Siapa yang mengusulkan pemecatan itu? Yaitu Al Hajjad bin Yusuf, gubernur Irak. Karena setiap Al Hajjad naik haji, ia tidak boleh melewati Madinah oleh Umar bin Abdul Aziz. Kata Umar bin Abdul Aziz : “Kalau di akhirat nanti kita disuruh membawa orang jahat masing-masing dari kita, lalu kita dari Bani Umayyah membawa Al Hajjad maka semua akan kalah oleh kejahatannya Al Hajjad.”

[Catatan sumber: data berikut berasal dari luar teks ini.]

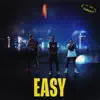 Easy (feat. Topper Atwood & Unhappy Hank) - Single album lyrics, reviews, download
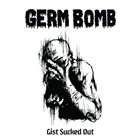 GERM BOMB Gist Sucked Out album cover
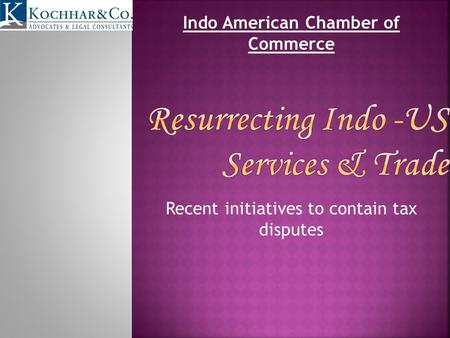 Recent initiatives to contain tax disputes Indo American Chamber of Commerce.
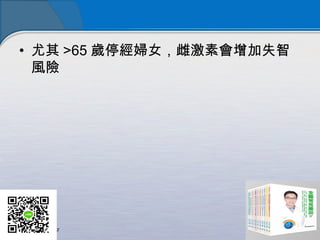 • 尤其 >65 歲停經婦女，雌激素會增加失智
風險
 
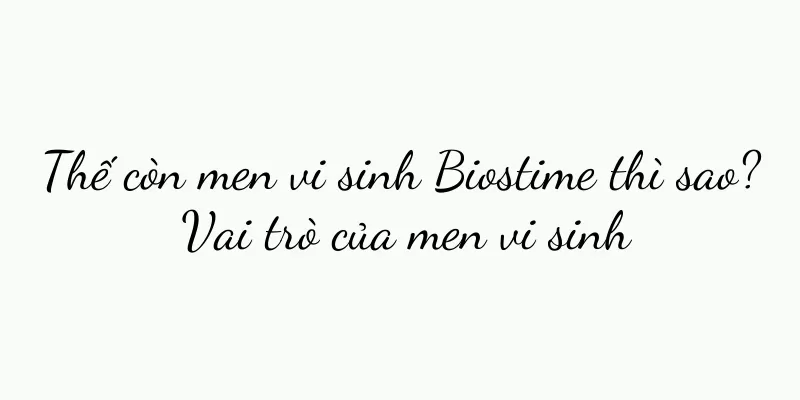 Thế còn men vi sinh Biostime thì sao? Vai trò của men vi sinh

Oleh karena itulah Al Hajjad mengusulkan agar Umar bin Abdul Aziz ditarik kembali ke Damaskus. Menjadi keluarga kerajaan tanpa jabatan.

Fatimah binti Abdul Malik

Beberapa waktu berlalu, Al Hajjad meninggal setelah menghukum seorang ulama besar, dan Umar bin Abdul Aziz pun sujud syukur saat itu. Hingga tak berapa lama, khalifah Walid bin Abdul Malik juga meninggal, lalu digantikan oleh adiknya, Sulaiman.

Begitu Sulaiman bin Abdul Malik naik tahta inilah, Umar bin Abdul Aziz dijadikan penasihat khalifah. Dalam masa jabatannya, Umar bin Abdul Aziz memberikan nasihat-nasihat agar pemerintahannya ini selalu berpihak pada rakyat. Namun dalam kurun waktu tersebut, hanya sekitar 50% saja nasihat-nasihat dari Umar bin Abdul Aziz yang bisa dieksekusi. Karena masih terhalang dengan pejabat-pejabat yang sulit dikendalikan.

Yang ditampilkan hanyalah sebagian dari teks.